EXERCISE BRIEF: Extract the full listing verbatim and drop any pictures from your copy.
** DATA SECTION follows **
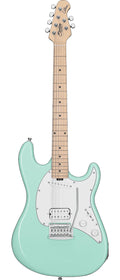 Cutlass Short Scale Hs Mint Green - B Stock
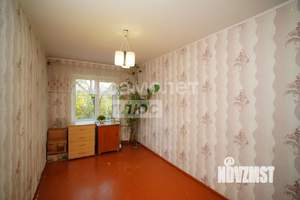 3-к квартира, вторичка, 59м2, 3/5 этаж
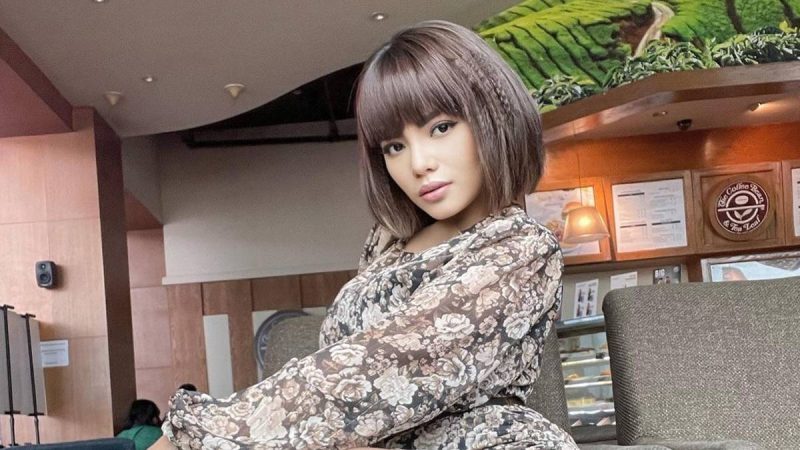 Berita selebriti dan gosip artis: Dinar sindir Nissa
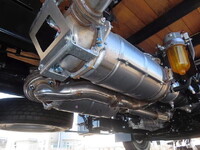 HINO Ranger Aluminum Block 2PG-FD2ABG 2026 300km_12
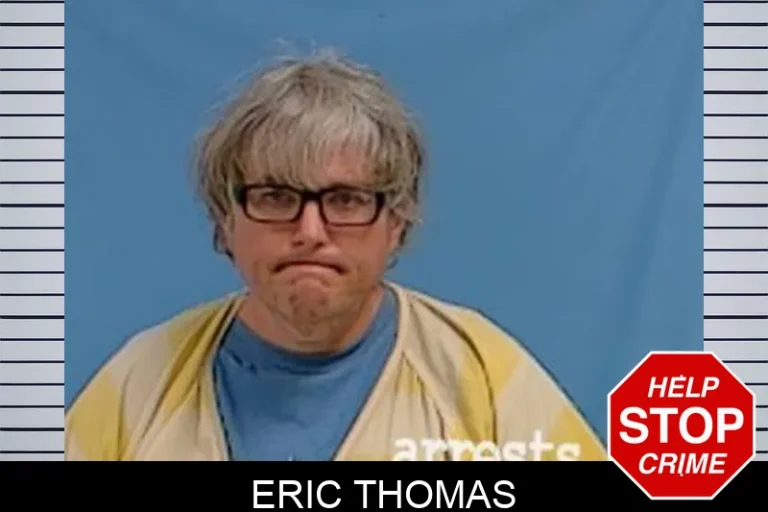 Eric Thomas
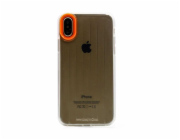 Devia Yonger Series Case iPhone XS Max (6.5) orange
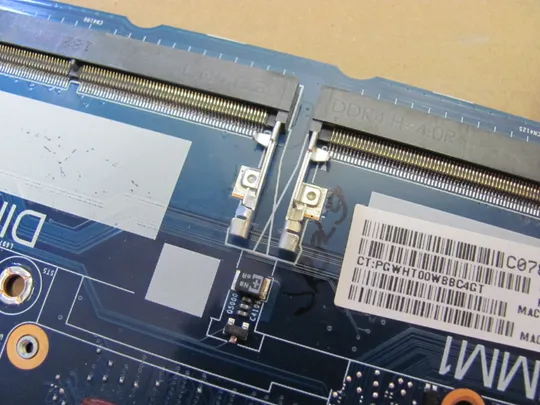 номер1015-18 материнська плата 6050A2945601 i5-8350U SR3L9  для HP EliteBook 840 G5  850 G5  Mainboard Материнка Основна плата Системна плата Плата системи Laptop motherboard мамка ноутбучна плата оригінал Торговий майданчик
** End of DATA SECTION **
YOUR SOLUTION:
 Cutlass Short Scale Hs Mint Green - B Stock
 3-к квартира, вторичка, 59м2, 3/5 этаж
 Berita selebriti dan gosip artis: Dinar sindir Nissa
 HINO Ranger Aluminum Block 2PG-FD2ABG 2026 300km_12
 Eric Thomas
 Devia Yonger Series Case iPhone XS Max (6.5) orange
 номер1015-18 материнська плата 6050A2945601 i5-8350U SR3L9  для HP EliteBook 840 G5  850 G5  Mainboard Материнка Основна плата Системна плата Плата системи Laptop motherboard мамка ноутбучна плата оригінал Торговий майданчик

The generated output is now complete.